> [WHAT IS REQUIRED]:
Make an exact copy of the lines from the one containing "Dinkes Kota Batu Lakukan Monev Kawasan Tanpa Rokok Dinkes" through the end of the material, including both ends but no pictures.
BEGIN DATA FOR THIS EXERCISE
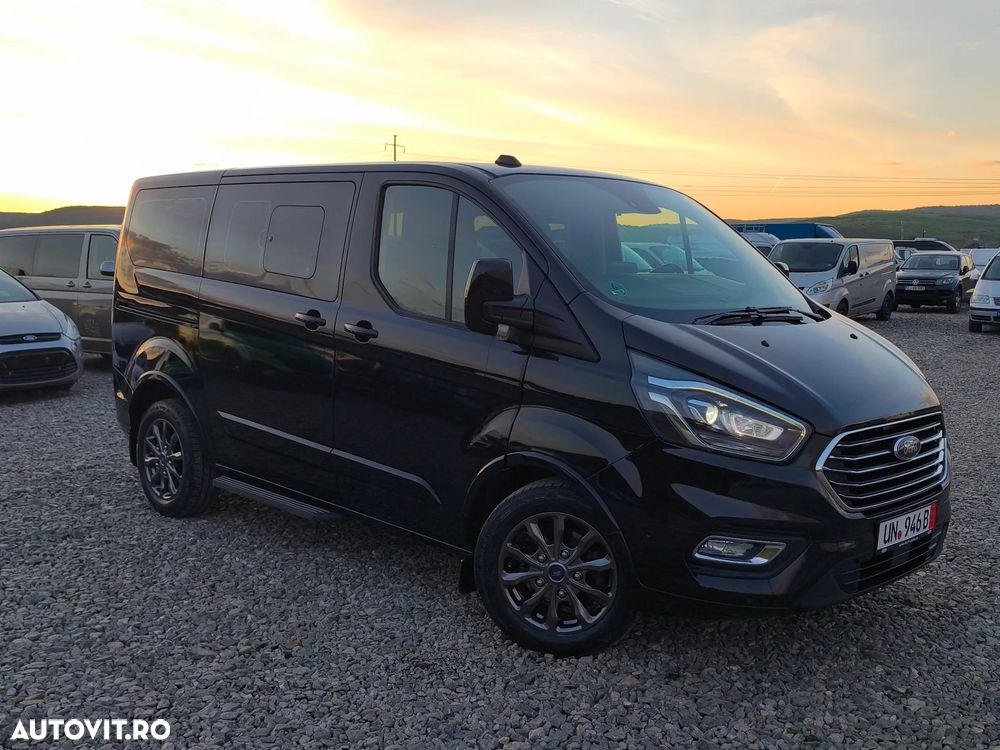 Ford Tourneo Custom - 6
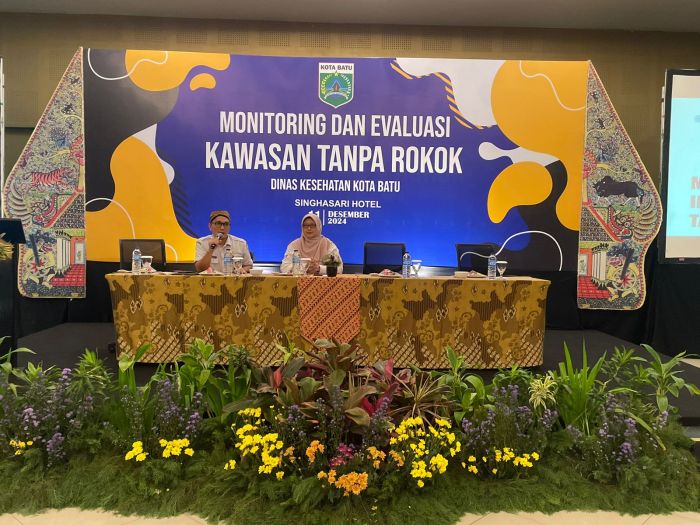 Dinkes Kota Batu Lakukan Monev Kawasan Tanpa Rokok Dinkes Kota Batu Lakukan Monev Kawasan Tanpa Rokok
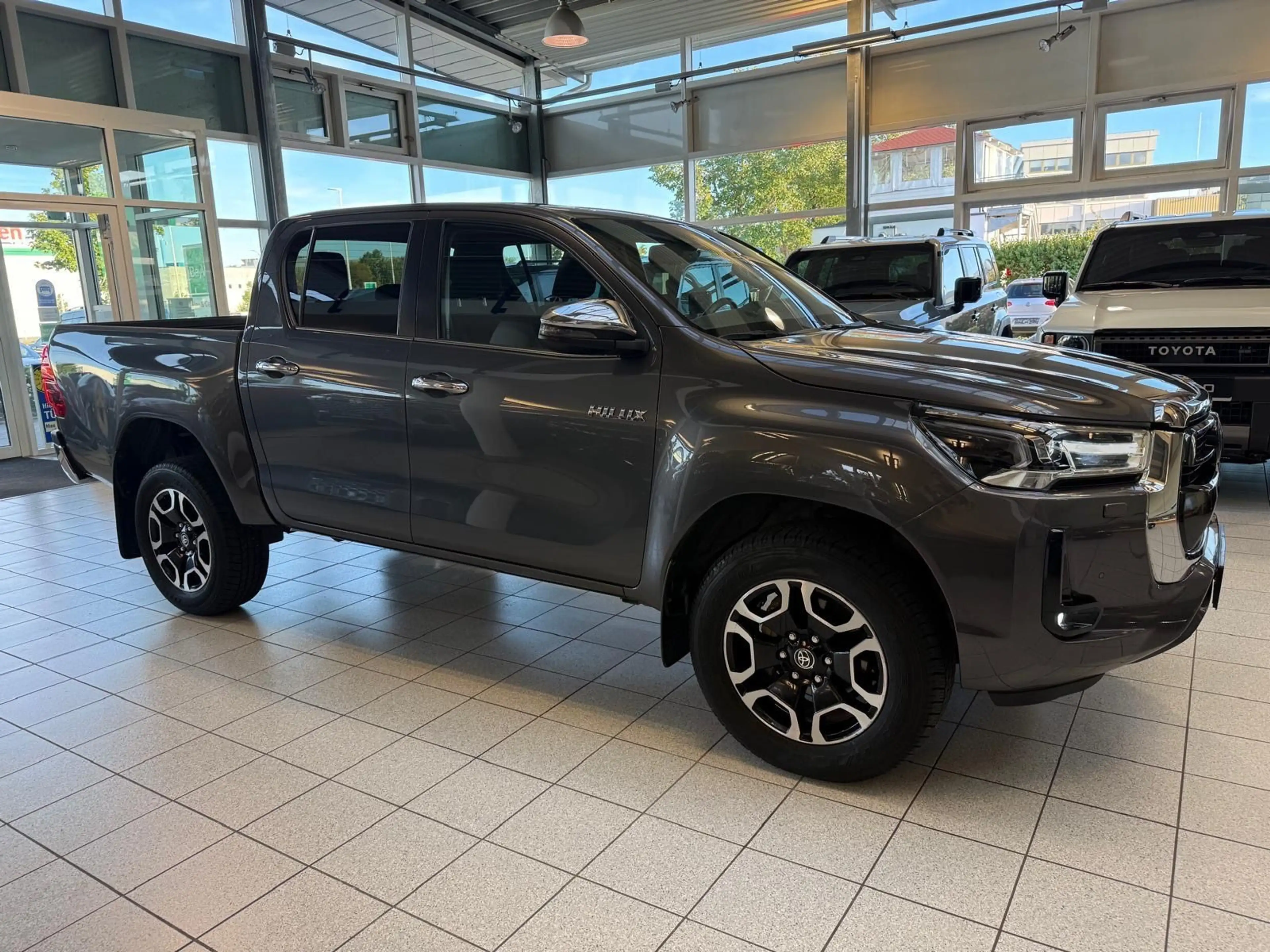 Toyota Hilux DOUBLE CAB EXECUTIVE-AUT-KAMERA-LED-RADAR-36.895 — photo 3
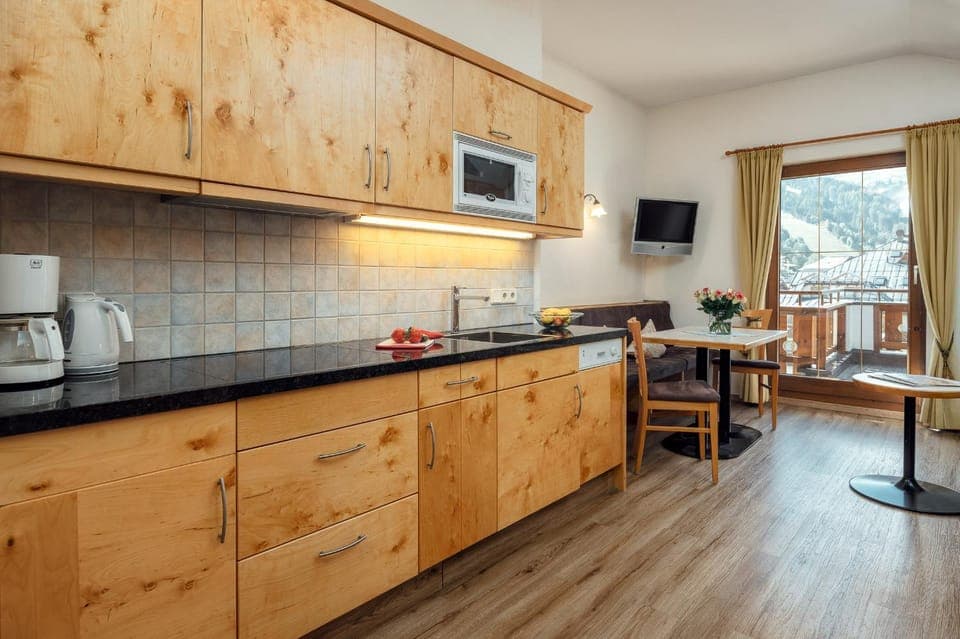 TV and multimedia, Coffee/tea facilities, Kitchen or kitchenette, Dining area, minibar, pet friendly, stove, toaster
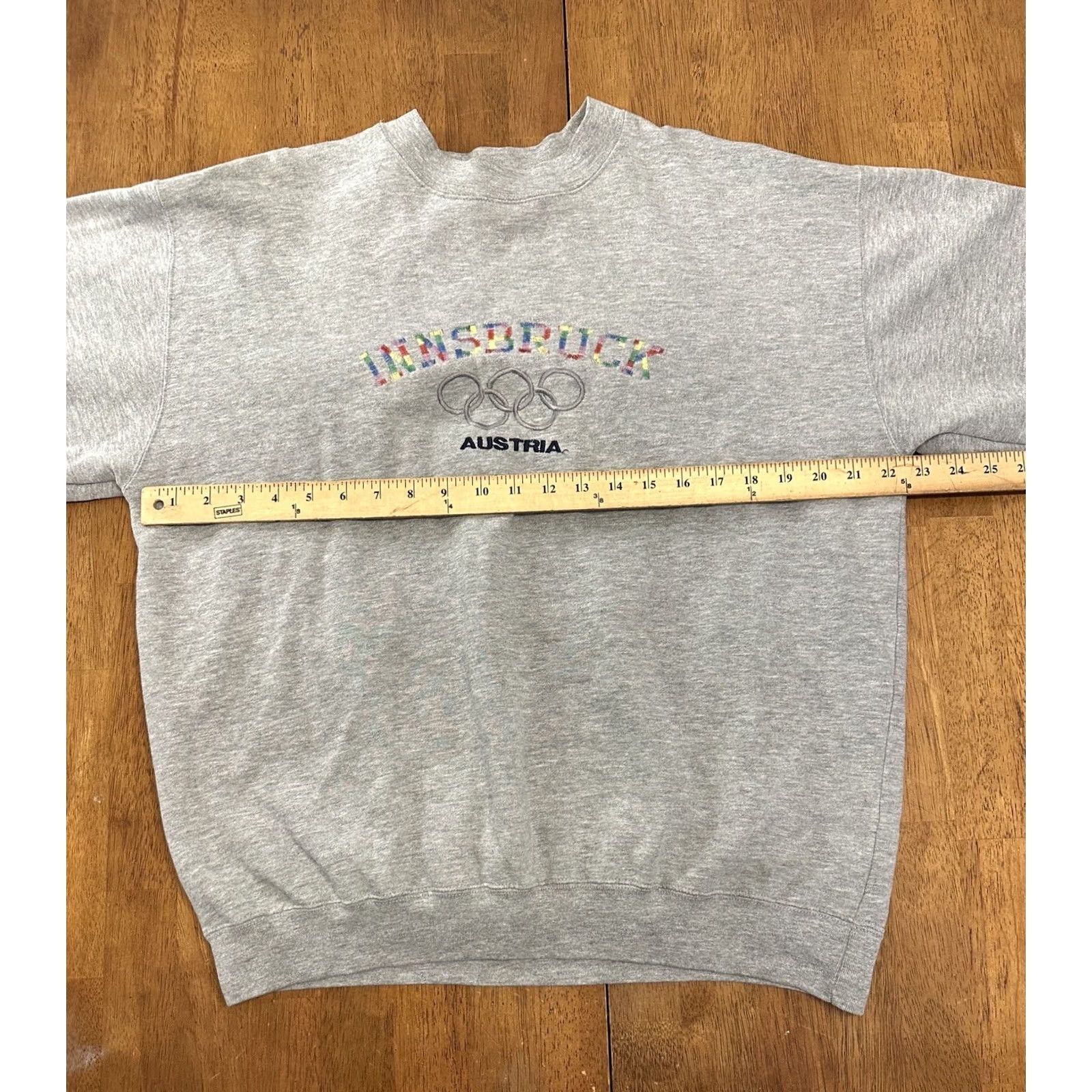 Vintage VINTAGE Innsbruck Austria Sweatshirt XL Crewneck Embroidered Size US XL / EU 56 / 4 - 5 Thumbnail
END DATA FOR THIS EXERCISE
> [SOLVED PROBLEM]:
 Dinkes Kota Batu Lakukan Monev Kawasan Tanpa Rokok Dinkes Kota Batu Lakukan Monev Kawasan Tanpa Rokok
 Toyota Hilux DOUBLE CAB EXECUTIVE-AUT-KAMERA-LED-RADAR-36.895 — photo 3
 TV and multimedia, Coffee/tea facilities, Kitchen or kitchenette, Dining area, minibar, pet friendly, stove, toaster
 Vintage VINTAGE Innsbruck Austria Sweatshirt XL Crewneck Embroidered Size US XL / EU 56 / 4 - 5 Thumbnail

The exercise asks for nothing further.